La Syrie est en grand danger. Elle a plus que jamais besoin du soutien de ses citoyens où qu’ils se trouvent, tout comme elle a besoin que ses alliés
lui prêtent main forte, notamment l’Iran et la Russie qui ont déclaré être intervenus en Syrie afin d’éviter que les mercenaires terroristes instrumentalisés par les États-Unis ne se
retrouvent à Téhéran et à Moscou. Certes, ces deux puissants alliés ont à se battre sur d’autres fronts. Il n’en demeure pas moins que la question que se posent les Syriens est :
qu’est-ce qui a changé aujourd’hui, alors que la Syrie a tout subi et tout donné pour ne pas se soumettre à l’ennemi commun ?
Mouna Alno-Nakhal
*
Témoignage de Hekmat Aboukhater
J’ai assisté sans invitation à la réunion du front de pression qui a mis fin à la Licence générale 2023 pour la Syrie1 et
qui milite actuellement en faveur de la prolongation de la guerre économique, menée par Washington contre ce pays, de huit années supplémentaires.
Derrière les portes closes, l’ancien fonctionnaire du département d’État qui dirigeait l’atelier a révélé l’objectif ultime du groupe : la partition de
la Syrie et la création d’un califat de facto pour une branche relookée d’Al-Qaïda.
Le 30 juillet dernier, je me suis inscrit sous un pseudonyme pour participer à un atelier organisé par le Syrian American Council (SAC), la principale voix du lobby visant à affamer et à déstabiliser la Syrie pour qu’elle se soumette aux
exigences de l’Occident. L’atelier demandait aux membres du SAC de défendre le plus récent projet de loi entrant dans le cadre du changement de régime en Syrie : Assad Regime Anti-Normalization Act of 2023 (H.R. 3202).2
Au cours de la réunion, j’ai pu constater l’impact du lobby anti-Syrie et
comprendre les tactiques cyniques qu’il emploie pour condamner la population syrienne à la pauvreté et à la famine.
Plus récemment, ce lobby a réussi à mettre fin à la Licence générale pour la Syrie, [LG 23], laquelle a permis à l’aide humanitaire d’entrer en Syrie suite au séisme qui a frappé le pays en février. Il y est arrivé
par un mensonge que les meneurs de l’atelier ont répété à l’envi : «Les sanctions n’affectent que le gouvernement syrien et non le
peuple».
En vérité, les sanctions ont causé des dommages incalculables au peuple syrien, comme l’a noté Mme Alena Douhan, rapporteuse spéciale sur les mesures
coercitives unilatérales auprès de l’ONU, dans une interview accordée à The Grayzone en 2021. Reprenant les propos d’un civil avec
lequel elle s’était entretenue plus tôt dans la journée, Mme Douhan a expliqué que «l’impact des sanctions unilatérales sur la population syrienne
est à peu près équivalent à celui du conflit…»

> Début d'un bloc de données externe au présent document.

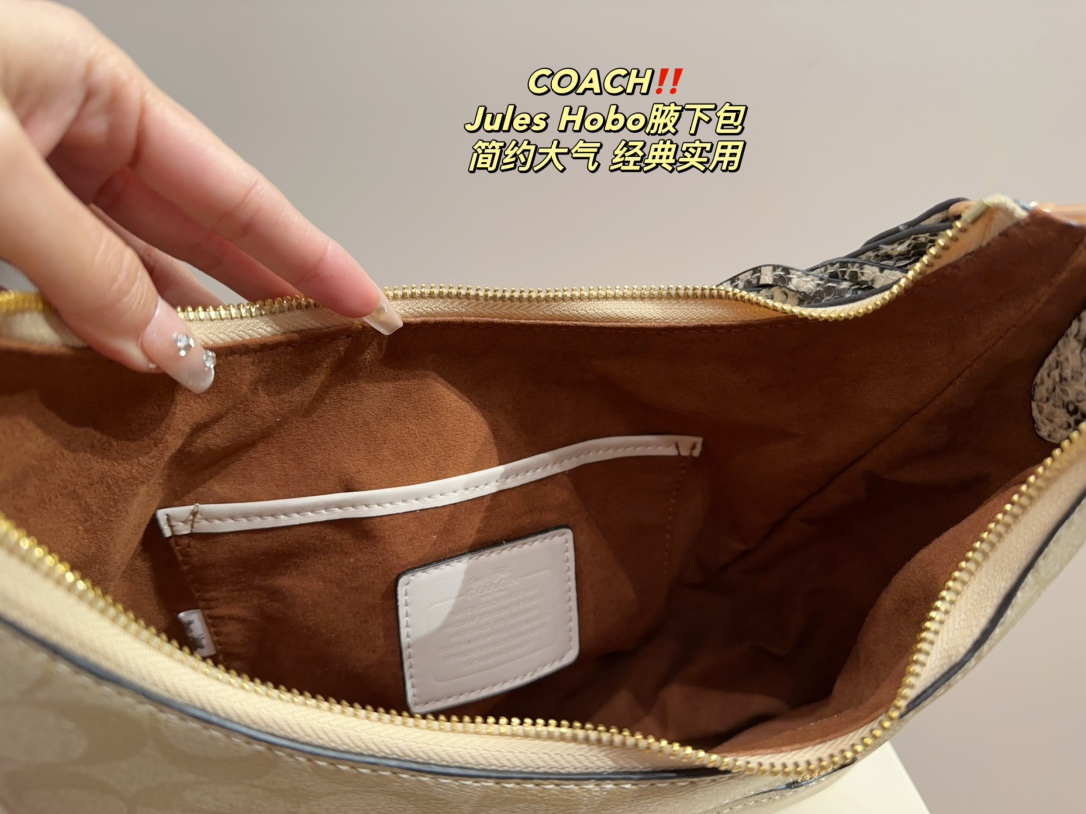 ⬆️21860-COACH -415 gallery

Mais pour certains, ce n’est pas encore suffisant. Parmi eux, l’animateur de l’atelier, Wa’el Alzayat, un vétéran syro-américain du département d’État qui a récemment écrit un article d’opinion invitant à ne pas
lever les sanctions contre la Syrie pour aider les victimes du tremblement de terre.3
Au cours de l’atelier qu’il a contribué à animer, M. Alzayat a appelé à l’éclatement de la Syrie en une série d’«États indépendants» laissant place à un nouveau califat dans la région d’Idlib, dirigé par une émanation d’Al-Qaïda rebaptisée, alors qu’elle est
désignée en tant qu’«organisation terroriste étrangère» par le gouvernement américain.4
Une brèche dans les sanctions sauve des vies syriennes
Le 6 février 2023, une nouvelle couche de misère a enveloppé la Syrie suite à des tremblements de terre massifs et consécutifs qui ont frappé le pays.

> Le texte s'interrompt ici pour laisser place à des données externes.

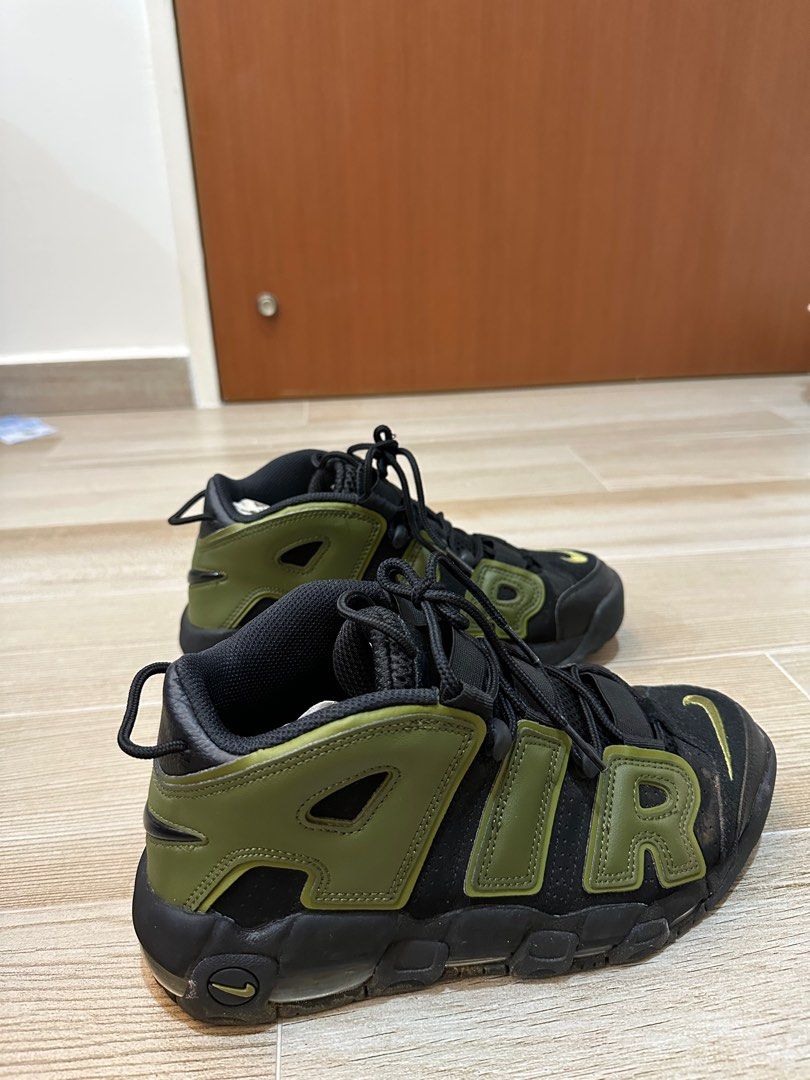 olive green uptempo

Cette catastrophe naturelle est venue s’ajouter à la calamité provoquée par les pays occidentaux et les États du Golfe qui ont alimenté les groupes armés ayant ravagé la Syrie pendant
plus de huit années.
Les tremblements de terre ont fait plus de 7000 morts et on estime que 9 millions de Syriens ont été touchés par ce désastre. Les tremblements de terre
ont également fait 50 000 victimes en Turquie, pays limitrophe, où la situation a suscité bien plus d’attention de la part des médias occidentaux. Les rares fois où la souffrance des
Syriens a été mentionnée, les médias traditionnels ont eu tendance à rejeter la responsabilité de la tragédie sur le président Bachar al-Assad, l’accusant d’avoir exacerbé la crise en
n’autorisant pas une totale liberté de mouvement vers et depuis les zones encore contrôlées par les milices d’Al-Qaïda.
Le 9 février, alors que la période cruciale de 72 heures au-delà de laquelle les espoirs de retrouver des survivants sous les décombres s’amenuisent
considérablement5,
l’OFAC [Office of Foreign Assets Control] du département du Trésor des États-Unis a délivré la Licence LG 23 autorisant les transactions liées à l’aide aux victimes pour une durée de
180 jours ; transactions interdites par le règlement relatif aux sanctions contre la Syrie (SySR).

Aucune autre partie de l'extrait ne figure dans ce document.